United States Parole Comm’n v. Geraghty, 445 U.S. 388 (1980)
United States Parole Commission v. Geraghty
No. 78-572
Argued October 2, 1979
Decided March 19, 1980
445 U.S. 388
CERTIORARI TO THE UNITED STATES COURT OF APPEALS
FOR THE THIRD CIRCUIT
Syllabus
Respondent, after twice being denied parole from a federal prison, brought suit against petitioners in Federal District Court challenging the validity of the United States Parole Commission’s Parole Release Guidelines. The District Court denied respondent’s request for certification of the suit as a class action on behalf of a class of "all federal prisoners who are or who will become eligible for release on parole," and granted summary judgment for petitioners on the merits.
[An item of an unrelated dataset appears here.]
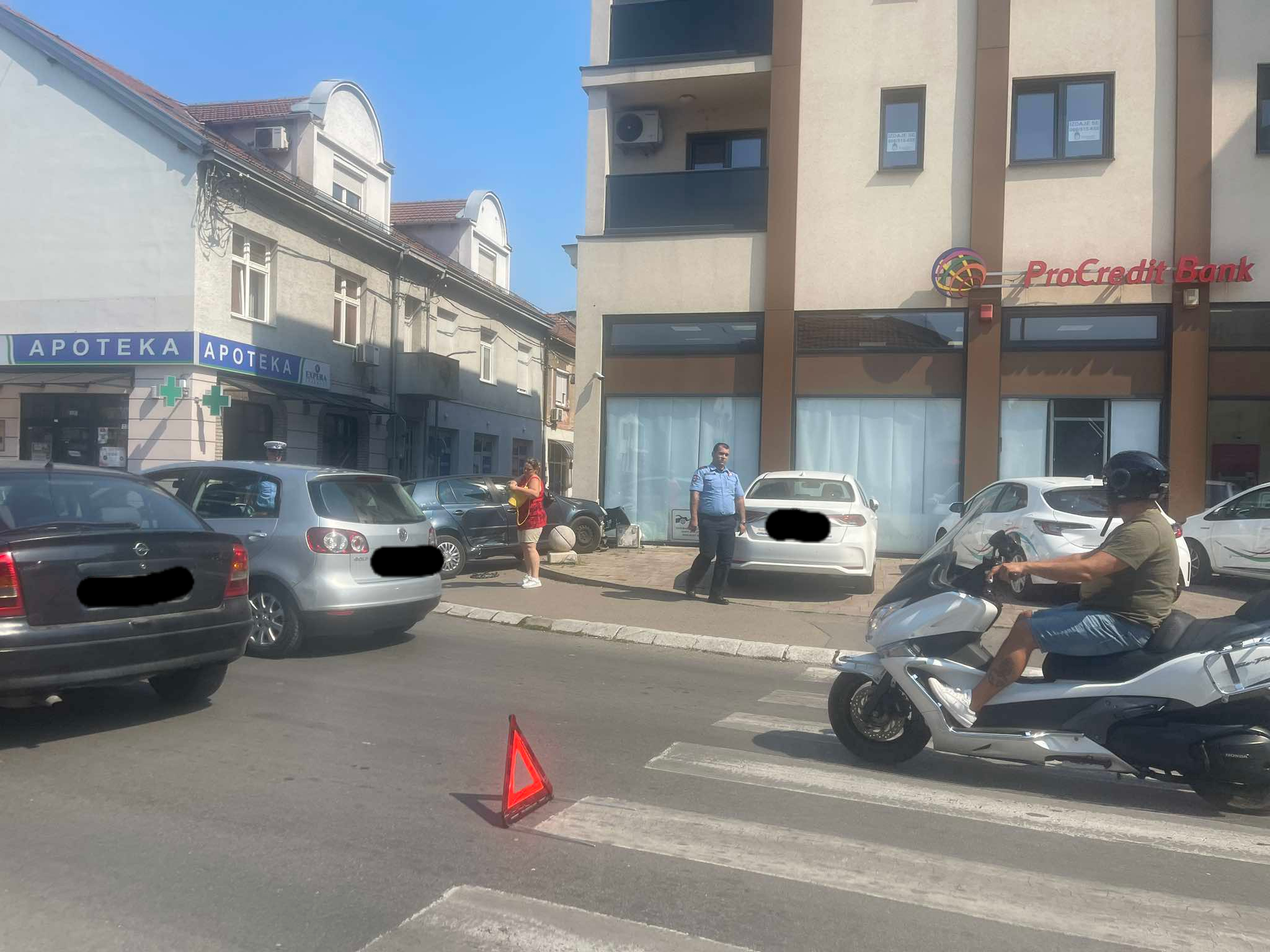 (FOTO) SAOBRAĆAJKA U BANJALUCI Automobil udario u zgradu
Respondent was released from prison while his appeal to the Court of Appeals was pending, but that court held that this did not render the case moot, and went on to hold, with respect to the question whether the District Court had erroneously denied class certification, that class certification would not be inappropriate, since the problems of overbroad classes and of a potential conflict of interest between respondent and other members of the putative class could be remedied by the mechanism of subclasses. Accordingly, the Court of Appeals reversed the denial of class certification and remanded the case to the District Court for an initial evaluation sua sponte of the proper subclasses.
Held: An action brought on behalf of a class does not become moot upon expiration of the named plaintiff’s substantive claim, even though class certification has been denied, since the proposed representative of the class retains a "personal stake" in obtaining class certification sufficient to assure that Art. III values are not undermined. If the appeal from denial of the class certification results in reversal of the denial, and a class subsequently is properly certified, the merits of the class claim then may be adjudicated pursuant to the holding in Sosna v. Iowa, 419 U.S. 393, that mootness of the named plaintiff’s individual claim after a class has been duly certified does not render the action moot. Pp. 395-408.
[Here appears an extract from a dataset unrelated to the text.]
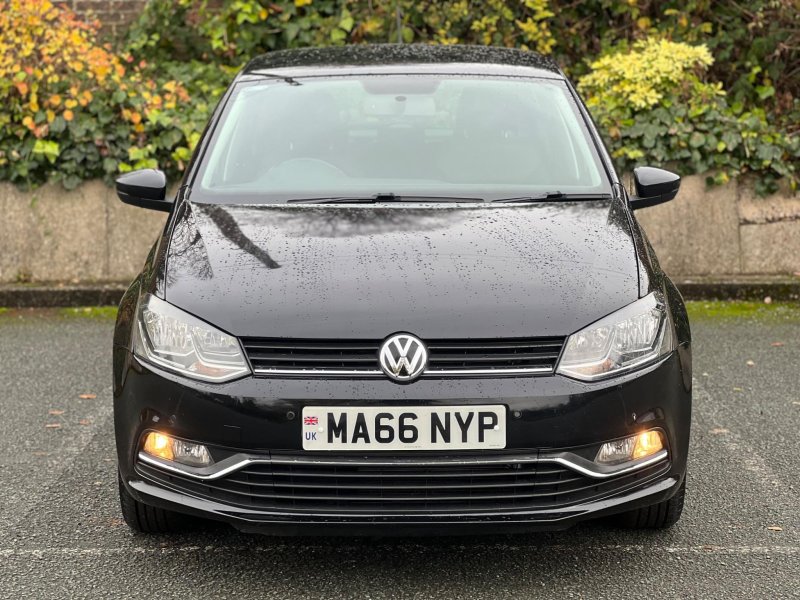 VOLKSWAGEN POLO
(a) The fact that a named plaintiff’s substantive claims are mooted due to an occurrence other than a judgment on the merits, cf. Gerstein v. Pugh, 420 U.S. 103; Deposit Guaranty Nat. Bank v. Roper, ante p. 326, does not mean that all other issues in the case are mooted. A plaintiff who brings a class action presents two separate issues, one being the claim on the merits and the other being the claim that he is entitled to represent a class. "The denial of class certification stands as an adjudication of one of the issues litigated," Roper, ante at 336, and, in determining whether the plaintiff may continue to press the class certification claim after the claim on the merits "expires," the nature of the "personal stake" in the class certification claim must be examined. P. 402.
(b) The imperatives of a dispute capable of judicial resolution -- sharply presented issues in a concrete factual setting and self-interested parties vigorously advocating opposing positions -- can exist with respect to the class certification issue notwithstanding that the named plaintiff’s claim on the merits has expired. Such imperatives are present in this case, where the question whether class certification is appropriate remains as a concrete, sharply presented issue and respondent continues vigorously to advocate his right to have a class certified. Pp. 403-404.
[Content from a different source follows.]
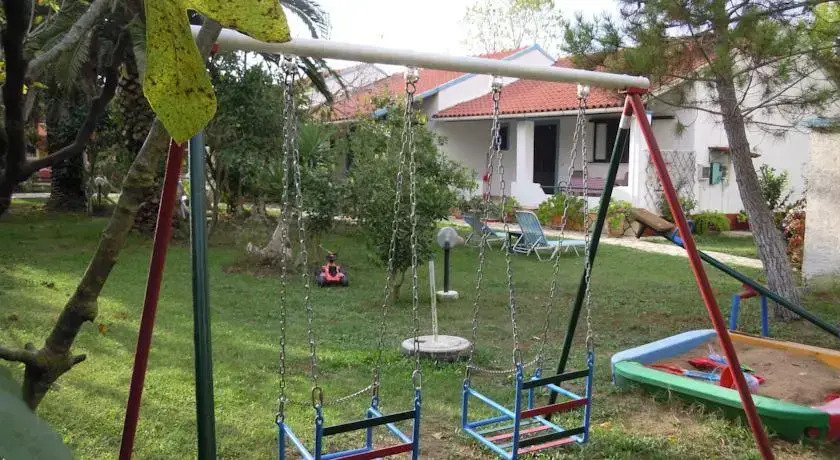 Thomas Bungalows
(c) Respondent was a proper representative for the purpose of appealing the ruling denying certification of the class that he initially defined, and hence it was not improper for the Court of Appeals to consider whether the District Court should have granted class certification. P. 407.
(d) The Court of Appeals’ remand of the case for consideration of subclasses was a proper disposition, except that the burden of constructing subclasses is not upon the District Court, but upon the respondent. Pp. 407-408.
579 F.2d 238, vacated and remanded.
BLACKMUN, J., delivered the opinion of the Court, in which BRENNAN, WHITE, MARSHALL, and STEVENS, JJ., joined. POWELL, J., filed a dissenting opinion, in which BURGER, C.J., and STEWART and REHNQUIST, JJ., joined, post, p. 409.